Geesh... sorry for speaking and trying to make sure we don't end up homelesss in 6 weeks. NO matter how much I bend his way it isn't enough.

I already agreed to sell the horse, I already got us on the way to a smaller cheaper house, and still, not enough for him, not even the slightest acknowledgement that I am working to help with HIS (not my) concern about bills. I am FINE with our financial position and yet I am doing all the work here and getting nothing back but grief.


----------



## BigToe (Jun 2, 2011)

Why didn't you respond in the way you approached it on this list, as in, "we have to discuss it now because we are going on vacation for two weeks and the house may not be available when we get back."
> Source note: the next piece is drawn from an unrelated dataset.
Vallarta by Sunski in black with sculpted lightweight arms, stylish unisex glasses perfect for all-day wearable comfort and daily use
Bottom line is that you gave him the option and his procrastination will be the only fault if the house is not available when you return. If YOU really want the house, take the realtors number with you and see if you can get your husband to talk about the move during your vacation. You can always call the realtor.


----------



## turnera (Jan 22, 2010)

So stop.


----------



## Acorn (Dec 16, 2010)

From what I gather, two days ago you were venting about him saying "I don't want to rush into anything" and how he keeps saying it over and over again (i.e. he doesn't feel listened to), two days ago you said neither of you were remotely pushing to buy... and now today you are frustrated that he's not putting down an offer?

I would feel very rushed under these circumstances and I would not understand why my wife kept pushing so hard when I kept asking her not to rush us.
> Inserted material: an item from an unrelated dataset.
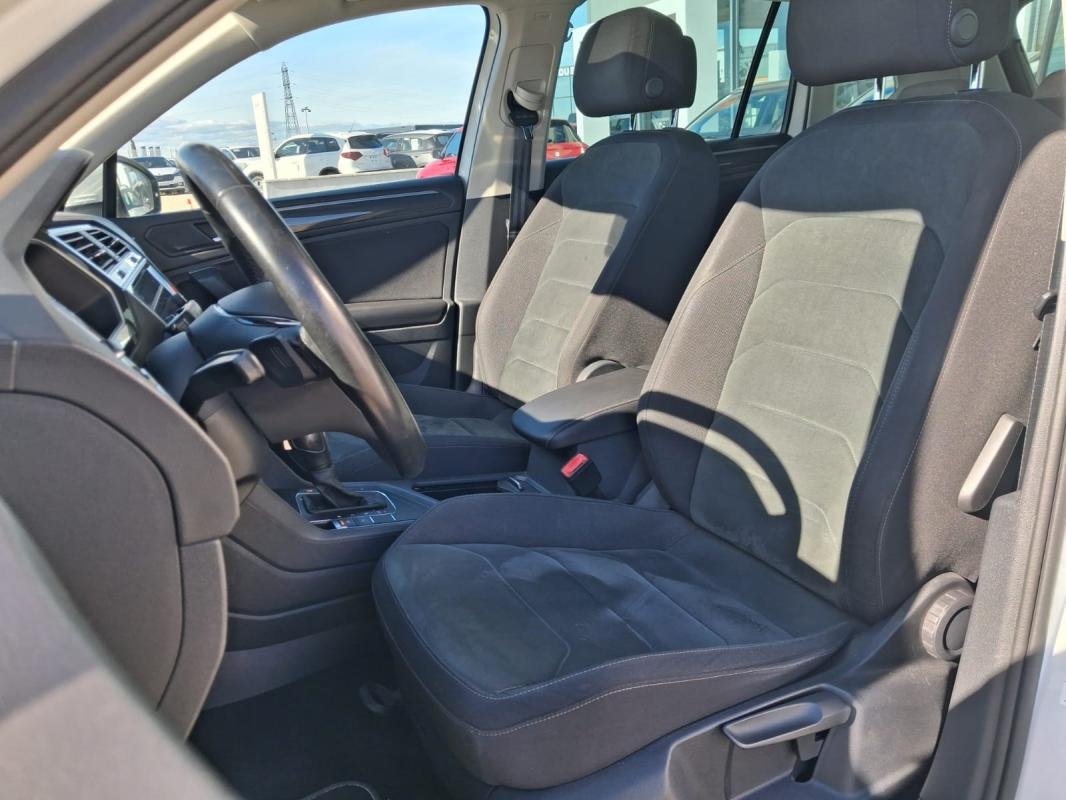 Volkswagen Tiguan - Photo 12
It seems like the conflict here is that you each have expectations of each other regarding time tables... maybe it is better to talk about that directly rather than focusing on putting offers down on a house? 
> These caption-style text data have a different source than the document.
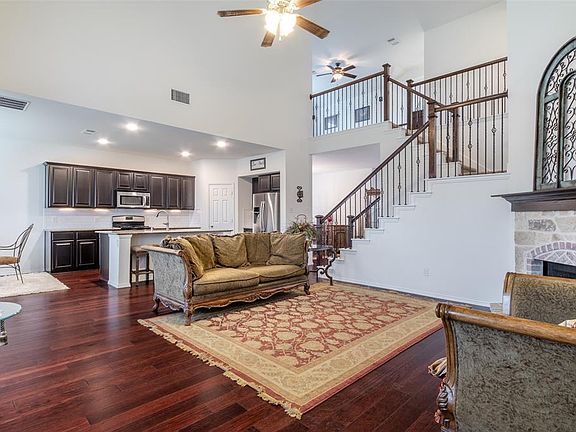 5th image of 1004 Goldenrod Ln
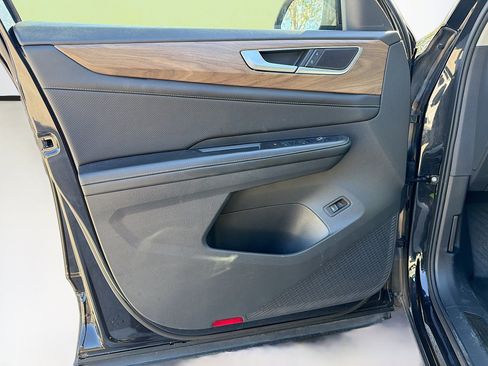 Used 2024 Volkswagen Atlas SE image 23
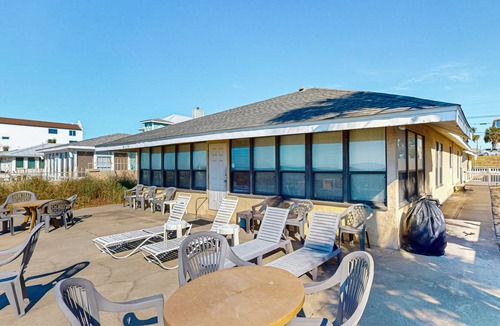 Bahama Beach House | 221 m² House ∙ 5 bedrooms ∙ 15 guests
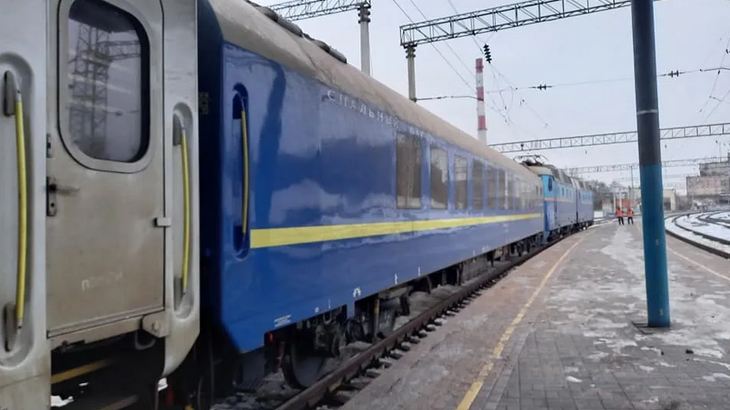 Ворог ударив по поїзду Київ-Суми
Or, at least, stop being the driving force behind this, and don't rescue him from his mistakes if it turns out that way. He can't feel the effect of his actions if you rescue him every time.


----------



## Enchantment (May 11, 2011)

lisa3girls said:


> I am FINE with our financial position and yet I am doing all the work here and getting nothing back but grief.


Yeah, your husband really needs to man up. But, since he's not here and you are, then woman up. DON'T let him get to you. Honestly, I think you could read up on those fitness/sh!t tests in the Men's Clubhouse and apply the same strategies to your husband. Deflect, with humor if possible, the sh!t back on to him.

If he is not fine with your financial position, then nicely ask him what his plan is for getting things back on track and what you can do to help. Make HIM responsible for his own actions and emotions. Don't take them on yourself.

Has your husband always been this way, or is this a more recent phenomenon?


----------



## lisa3girls (Apr 6, 2011)

Acorn said:


> From what I gather, two days ago you were venting about him saying "I don't want to rush into anything" and how he keeps saying it over and over again (i.e. he doesn't feel listened to), two days ago you said neither of you were remotely pushing to buy... and now today you are frustrated that he's not putting down an offer?
> 
> I would feel very rushed under these circumstances and I would not understand why my wife kept pushing so hard when I kept asking her not to rush us.
> 
> ...


_Posted via Mobile Device_


----------



## lisa3girls (Apr 6, 2011)

Enchantment said:


> Yeah, your husband really needs to man up. But, since he's not here and you are, then woman up. DON'T let him get to you. Honestly, I think you could read up on those fitness/sh!t tests in the Men's Clubhouse and apply the same strategies to your husband. Deflect, with humor if possible, the sh!t back on to him.
> 
> If he is not fine with your financial position, then nicely ask him what his plan is for getting things back on track and what you can do to help. Make HIM responsible for his own actions and emotions. Don't take them on yourself.
> 
> Has your husband always been this way, or is this a more recent phenomenon?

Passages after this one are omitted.